**Exercise directions**
Nothing but the pictures should be dropped when the records are transcribed word for word.

**Task data**
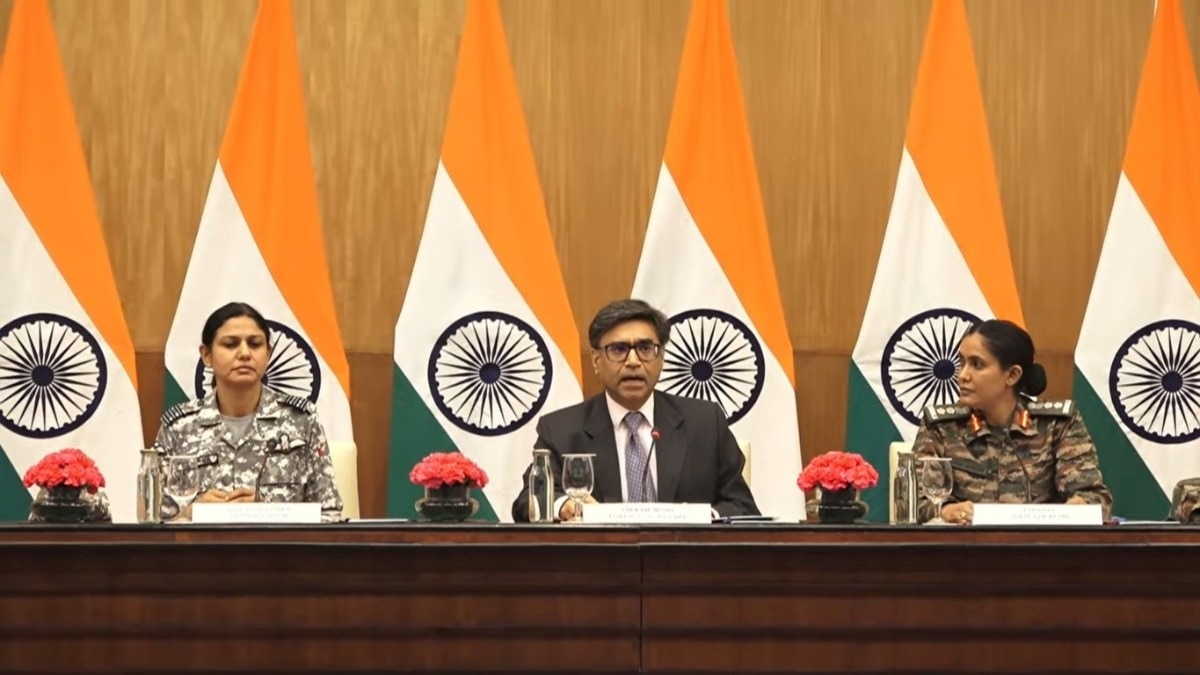 Operation Sindoor briefing: MEA, MoD update nation on India-Pakistan border tensions Operation Sindoor briefing: MEA, MoD update nation on India-Pakistan border tensions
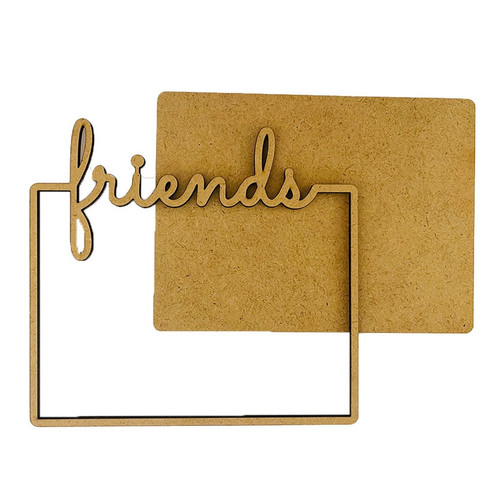 3 Pack - Stamperia Furry Friends Crafty Shapes-Plate Friends - 5A003CXD-1H94T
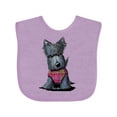 thumbnail image 1 of Inktastic Scottie Dog in Plaid Boys or Girls Baby Bib, 1 of 4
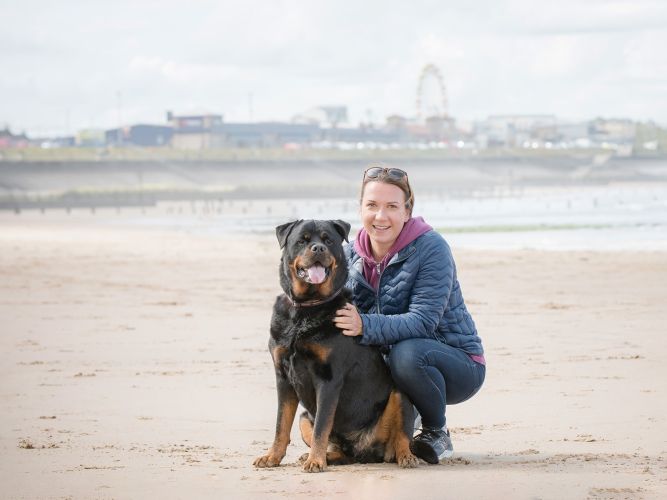 Tig and Victoria's beach photo session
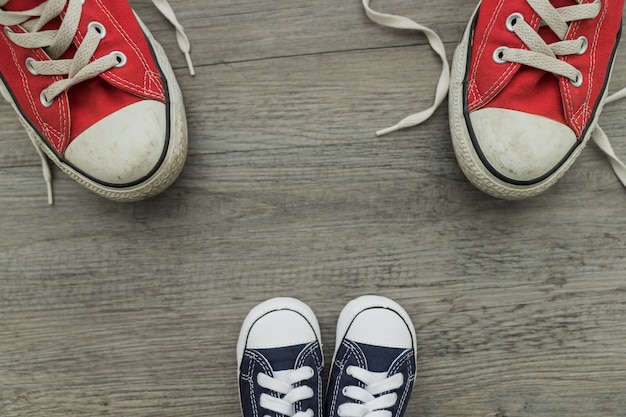 Free photo composition with shoes for father's day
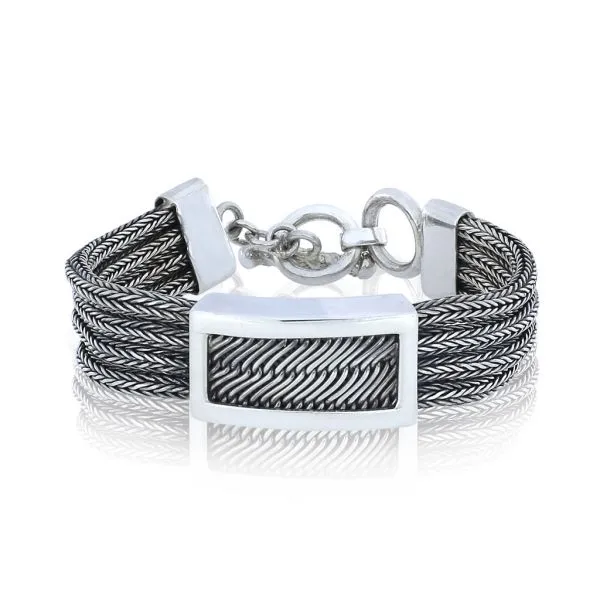 Vintage Sterling Silver 4 Strand 7 1/2" Wheat Bracelet with Extender Purple Creek Holly Springs, NC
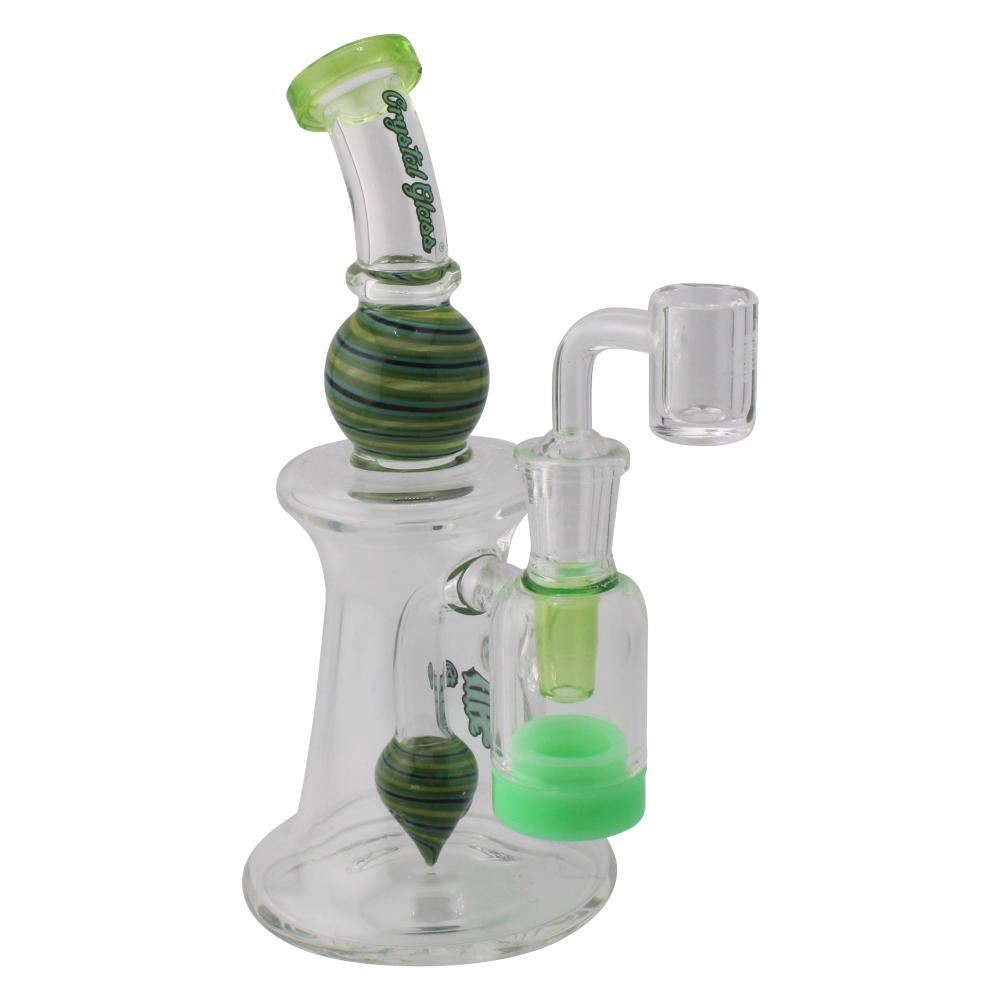 Crystan Glass Orbit Recycler Water Pipe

**Solution below**
 Operation Sindoor briefing: MEA, MoD update nation on India-Pakistan border tensions Operation Sindoor briefing: MEA, MoD update nation on India-Pakistan border tensions
 3 Pack - Stamperia Furry Friends Crafty Shapes-Plate Friends - 5A003CXD-1H94T
 thumbnail image 1 of Inktastic Scottie Dog in Plaid Boys or Girls Baby Bib, 1 of 4
 Tig and Victoria's beach photo session
 Free photo composition with shoes for father's day
 Vintage Sterling Silver 4 Strand 7 1/2" Wheat Bracelet with Extender Purple Creek Holly Springs, NC
 Crystan Glass Orbit Recycler Water Pipe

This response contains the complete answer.